İki:Türkiye aynı zamanda, Kobani savunmasının zayıf kalmasının en önemli nedenlerinden birinin de, PYD’nin “sadece IŞİD’i vurun, bize silah, mühimmat ve insani yardım verin, yaralılarımızı tedavi edin ama bölgeye benden başka kimse girmesin” tutumu olduğunu düşünüyordu. Buna karşılık hem PYD’yi Barzani yönetiminden destek almaya, hem de Barzani yönetimini PYD’ye yardım etmeye teşvik ediyordu. Ancak PYD “bölgesine kimseyi ortak etmeme” adına buna sıcak bakmıyordu. Türkiye, dün bu konudaki diplomasisini ‘proje’ olarak açıkladı ve “Kuzey Irak ile Kobani arasında Türkiye topraklarından koridor açtığını” duyurdu.
Dört sorunun cevabı önemli:
1- Bu koridordan kimler geçecek?
Kimlerin geçeceği konusu Kuzey Irak’ta konuşlu bulunan TSK unsurlarının kontrolünde olacak. Kobani’ye gidecek Peşmerge sayısı ve kimlerden oluşacağının bilgisi Türkiye’de olacak.
PKK unsurları geçmeyecek.
Türkiye’den Türkiye Cumhuriyeti vatandaşı olanlar geçemeyecek.
2- Türkiye’nin bu kararı ABD’nin havadan silah yardımı ile koordineli mi, yoksa ABD’nin bu girişimine karşı bir hamle mi?
Sürecin ABD ile eşzamanlı olması, bir mutabakat dahilinde hareket edildiği şeklinde yorumlanabilir. Buna paralel olarak geçişlerin başlaması da an meselesi; başlamış bile olabilir.

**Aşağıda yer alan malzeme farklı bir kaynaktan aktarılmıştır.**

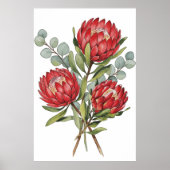 Crimson Protea Bouquet Watercolor Poster (Vorne)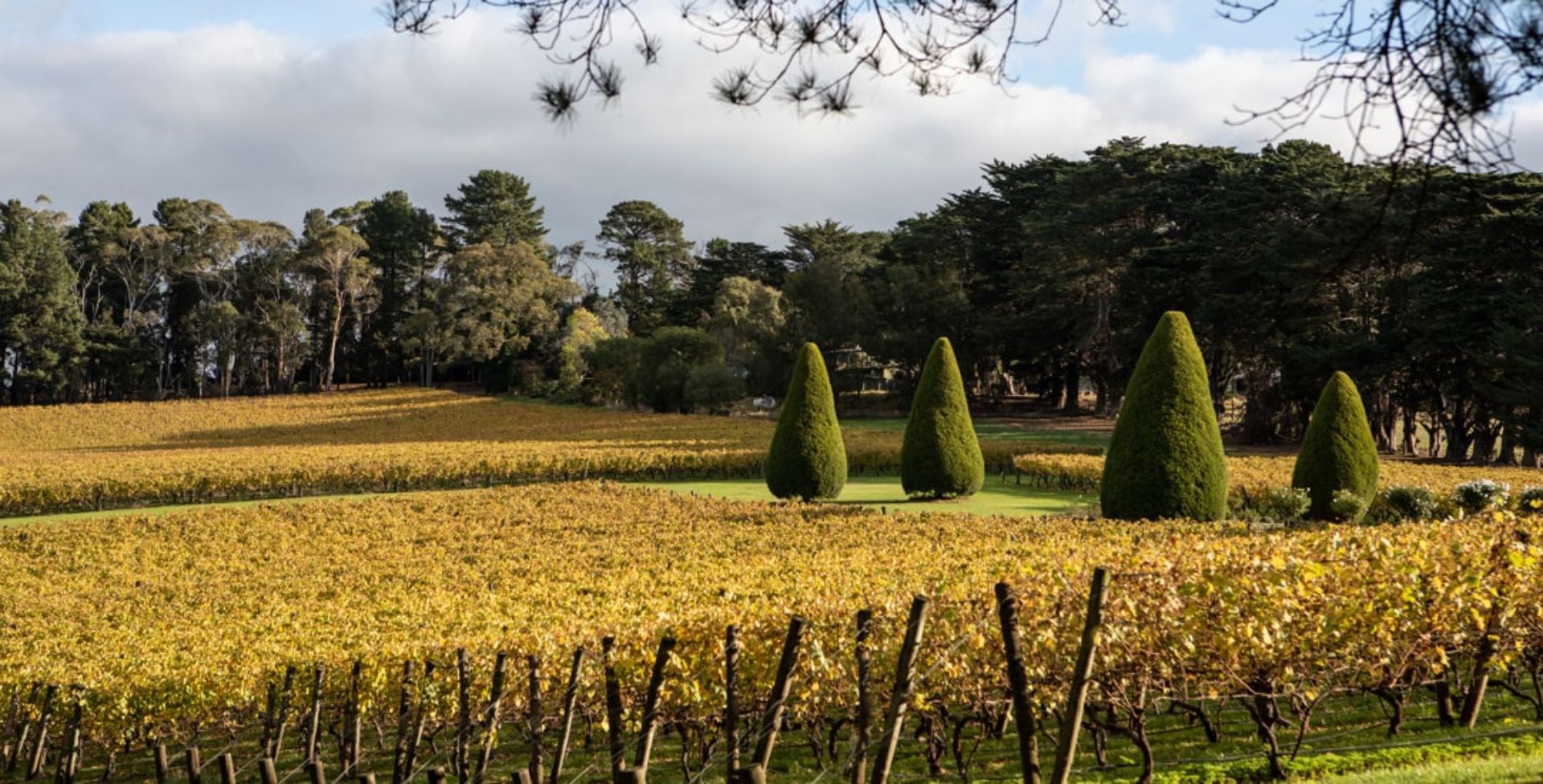 Mornington Peninsula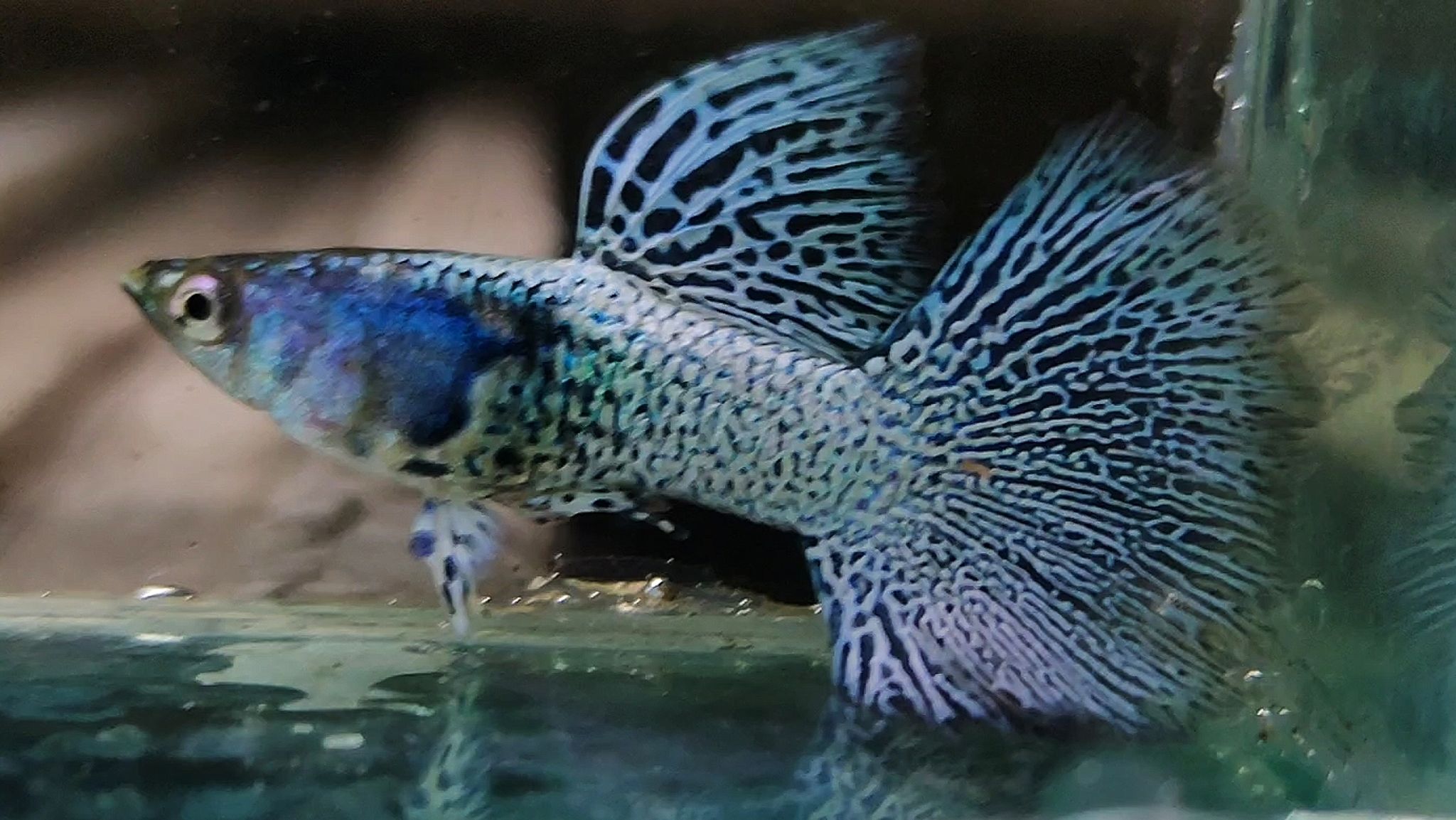 Mettal snakeskin blue Lace Guppys 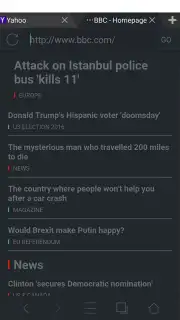 Web Browser captura 6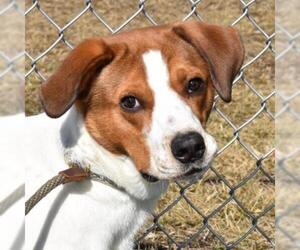 Black and Tan Coonhound-Labrador Retriever Mix Dogs for adoption in Nashville, IN, USA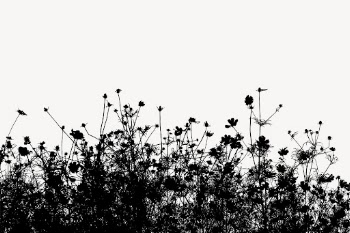Flower bush silhouette border, nature | Free PSD - rawpixel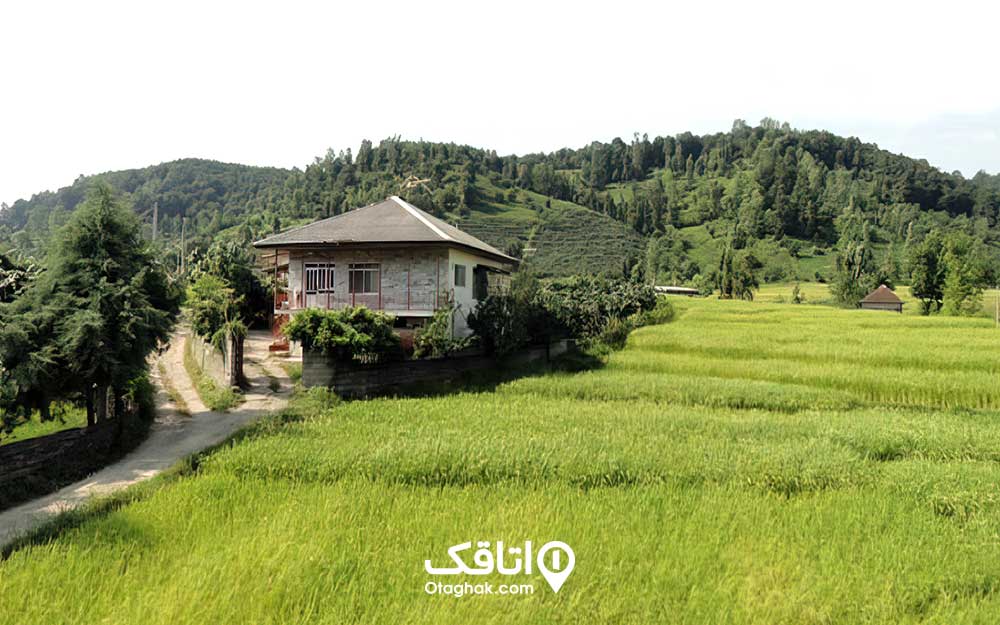 یک خانه با سقف شیروانی در میان طبیعت روستای قلعه گردن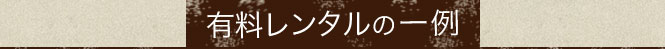 有料レンタルの一例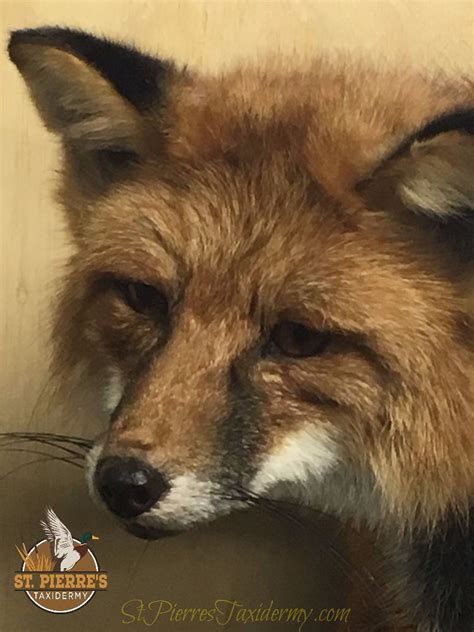 Red Fox Mount By St Pierres Taxidermy The Red Fox Largest Of The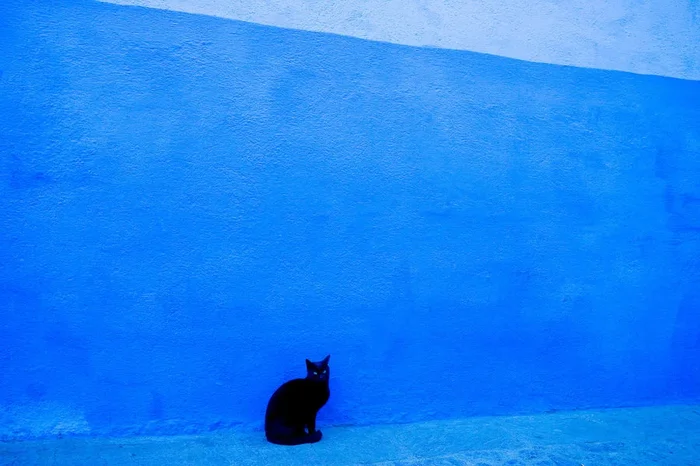 Black Cat, Blue Wall, Morocco – Extra Small on Paper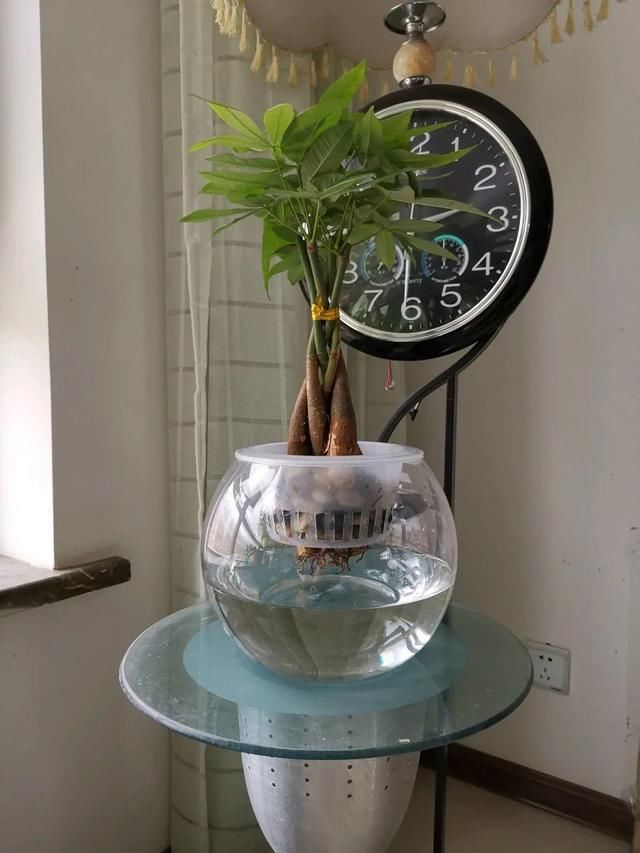  [萝卜]水里加点碳，根系壮得撑破盆，长出满盆萝卜根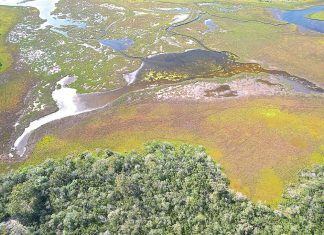 Algal bloom advice downgraded for Gippsland Lakes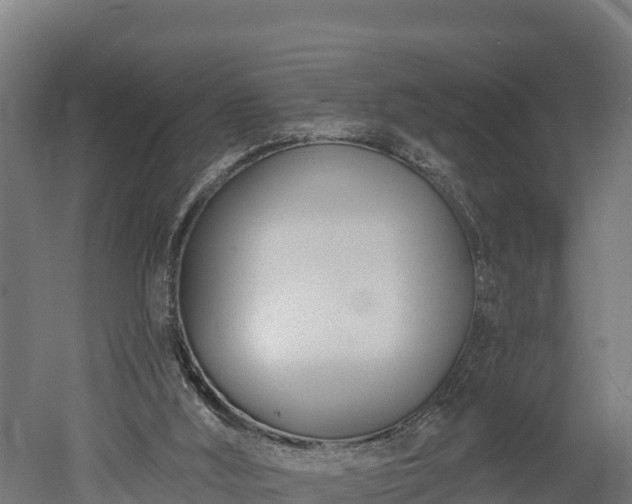 X0000052960012200507151747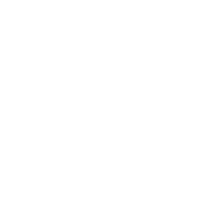 Cat Illustration Sticker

3- Peşmerge hangi sıfatla Türkiye topraklarından geçecek?
Irak-Suriye tezkeresindeki ‘yabancı silahlı güçler’ ifadesi Peşmergeyi de kapsıyor. Zira tezkerede ‘devlet’ ifadesi kullanılmıyor.
4- PYD Peşmergeyi kabul edecek mi, geçişlere izin verecek mi?
PYD, kaygısının Suriye Kürtlerinin yaşam hakkı mı yoksa kendi alan hakimiyeti mi sorusuna cevap vereceği bir sınavla karşı karşıya. PYD’nin ‘Kobani Kantonu’ adını koyduğu bölgede ‘Eşbaşbakan’ ilan ettiği Enver Müslim, dün BBC’ye, “Bize Peşmergeden çok silah yardımı gerek. İhtiyaç olursa YPG ‘gelin’ der. İhtiyaç olmazsa Peşmerge kendi bölgesinde IŞİD’e karşı savaşsın, bize silah da göndersin. Savaşacak gençlerimiz var” diyerek sınava kötü başlama sinyali verdi.
Ancak PYD hem ABD ve uluslar arası koalisyon, hem Türkiye, hem de Barzani yönetiminin ortak girişimine karşı çıkacak güce sahip değil. Öte yandan, oluşturmaya çalıştığı meşruiyeti zedeleyecek bir samimiyetsizlik göstermekten de kaçınması bekleniyor.
Bu konuda Çavuşoğlu’nun, “PYD, aynen IŞİD gibi Suriye’nin belli bir bölgesini kontrol etme emellerini sürdürdükçe Türkiye’nin desteğini alamaz” sözleri ile ABD Dışişleri Bakanı John Kerry’nin “Türk yetkililerle konuştuk. Ben ve Başkan, bu adımın ABD’nin politikasında bir değişiklik anlamına gelmeyeceğini çok net bir şekilde belirttik. Bu krize anlık bir müdahaleydi” açıklaması yeterince açık iki uyarı.